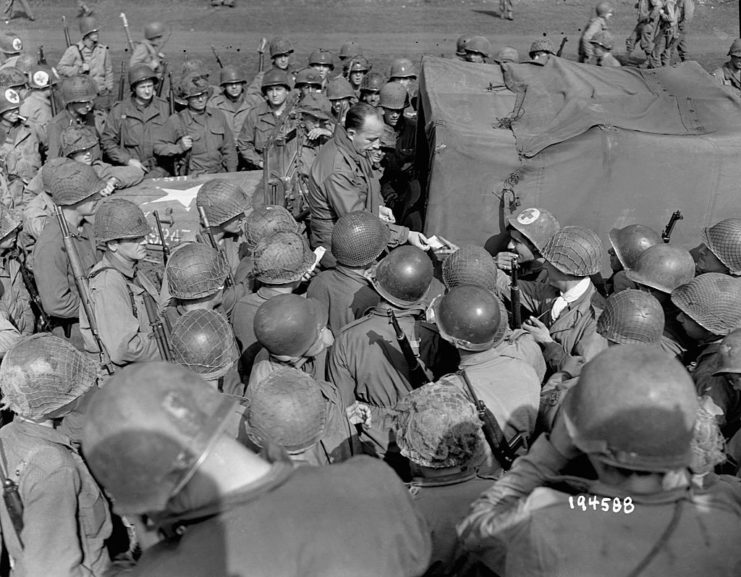 Bing Crosby sitting among a group of US soldiers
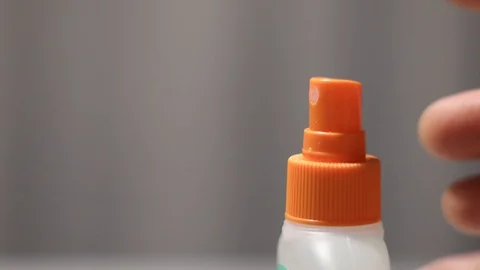 Unknown person pressing red spray button. Insecticide, mosquito repellent Stock Footage 124718980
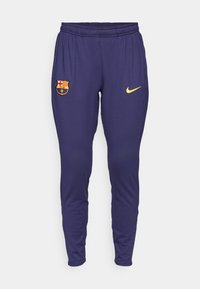 Pantalons de sport navy avec une taille élastique, ornés d'un logo Nike jaune et d'un blason multicolore du FC Barcelone sur la cuisse gauche.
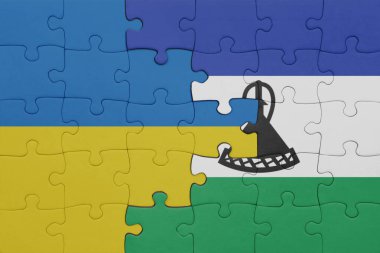 Lesotho ve Ukrayna bayrağının renkli ulusal bayrağıyla bulmaca. konsept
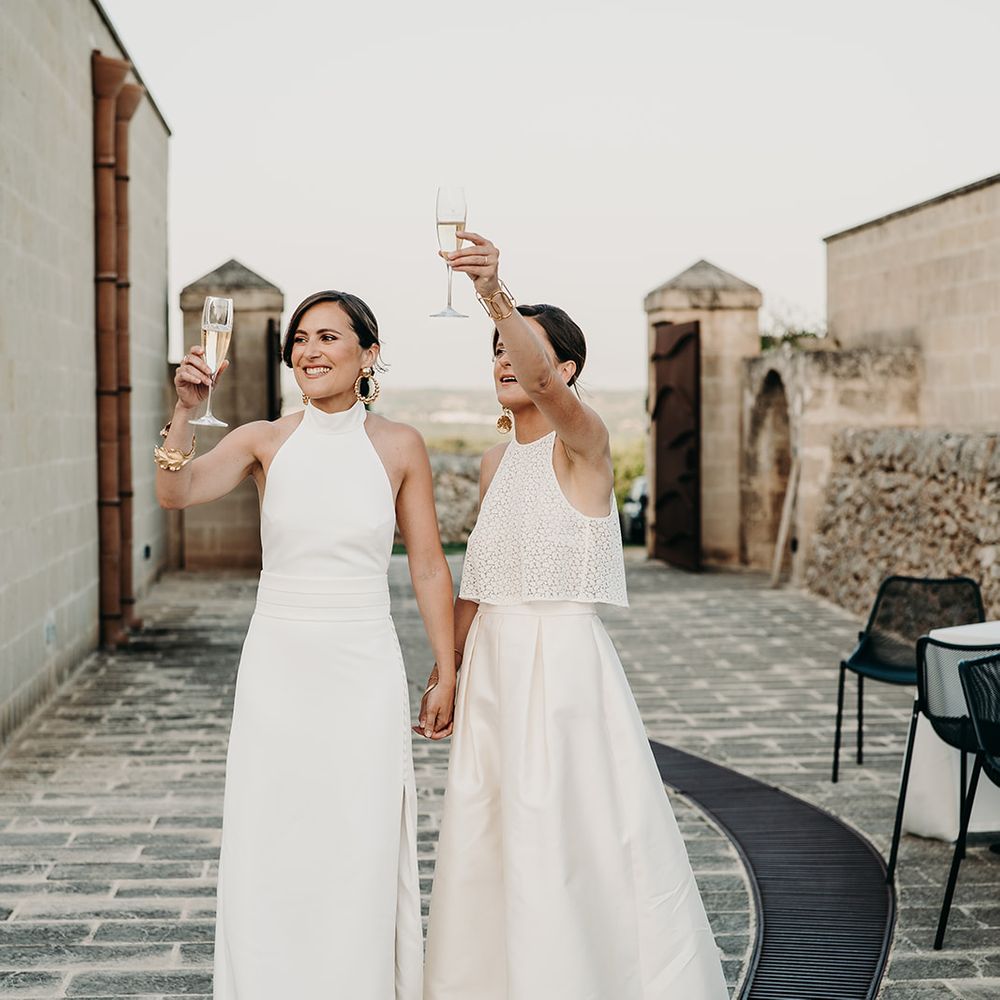 brides arriving at reception cheers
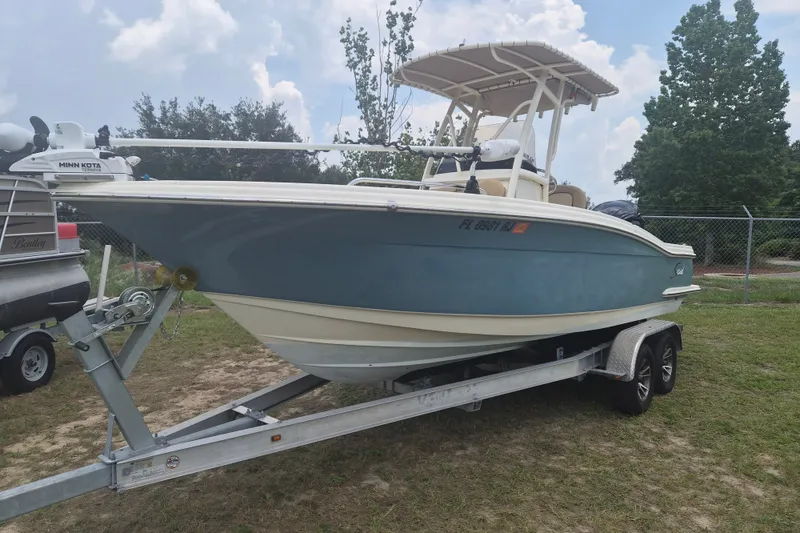 Slide: The Image of 2017 Scout 215 XSF boat on trailer, parked outdoors under cloudy sky. - 1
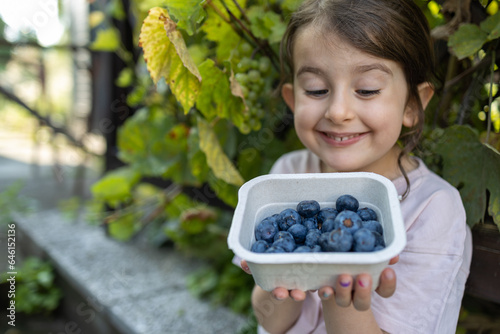 Cute four years girl with blueberries 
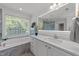 Bathroom featuring a white vanity, soaker tub, a large window, and a separate walk-in shower at 5016 Dillswood Ln, Raleigh, NC 27606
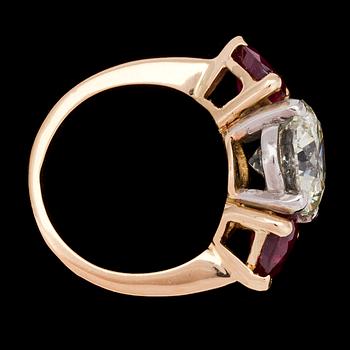 A brilliant cut diamond, 3.63 ct, and ruby ring.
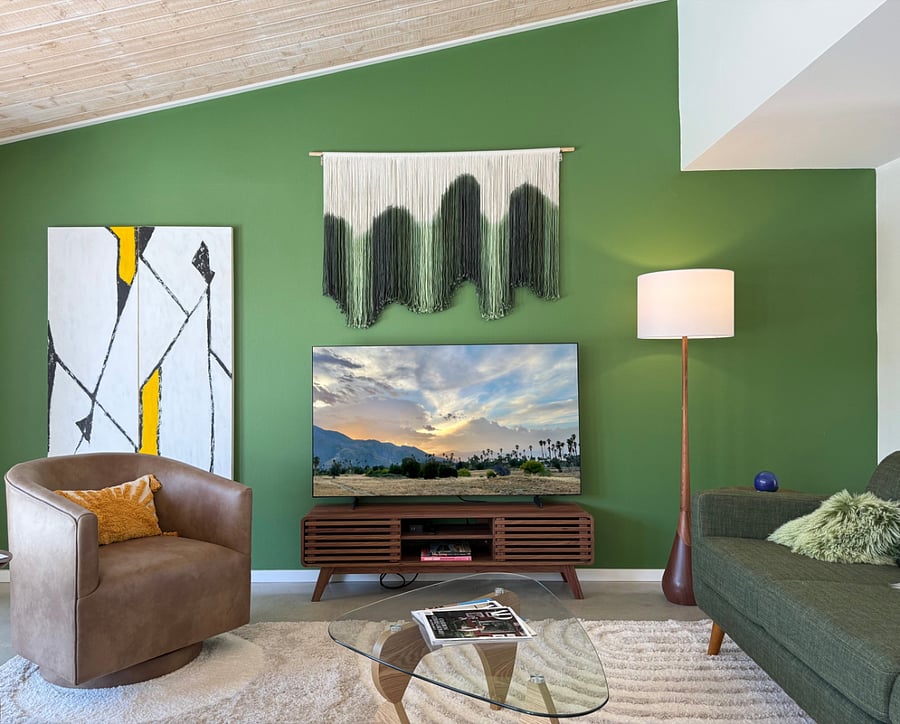 Spacious living room with large smart TV and high ceilings.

* _To do_
Repeat all the material exactly, but keep pictures out of the copy.

* _Expected output_
 Bing Crosby sitting among a group of US soldiers
 Unknown person pressing red spray button. Insecticide, mosquito repellent Stock Footage 124718980
 Pantalons de sport navy avec une taille élastique, ornés d'un logo Nike jaune et d'un blason multicolore du FC Barcelone sur la cuisse gauche.
 Lesotho ve Ukrayna bayrağının renkli ulusal bayrağıyla bulmaca. konsept
 brides arriving at reception cheers
 Slide: The Image of 2017 Scout 215 XSF boat on trailer, parked outdoors under cloudy sky. - 1
 Cute four years girl with blueberries 
 Bathroom featuring a white vanity, soaker tub, a large window, and a separate walk-in shower at 5016 Dillswood Ln, Raleigh, NC 27606
 A brilliant cut diamond, 3.63 ct, and ruby ring.
 Spacious living room with large smart TV and high ceilings.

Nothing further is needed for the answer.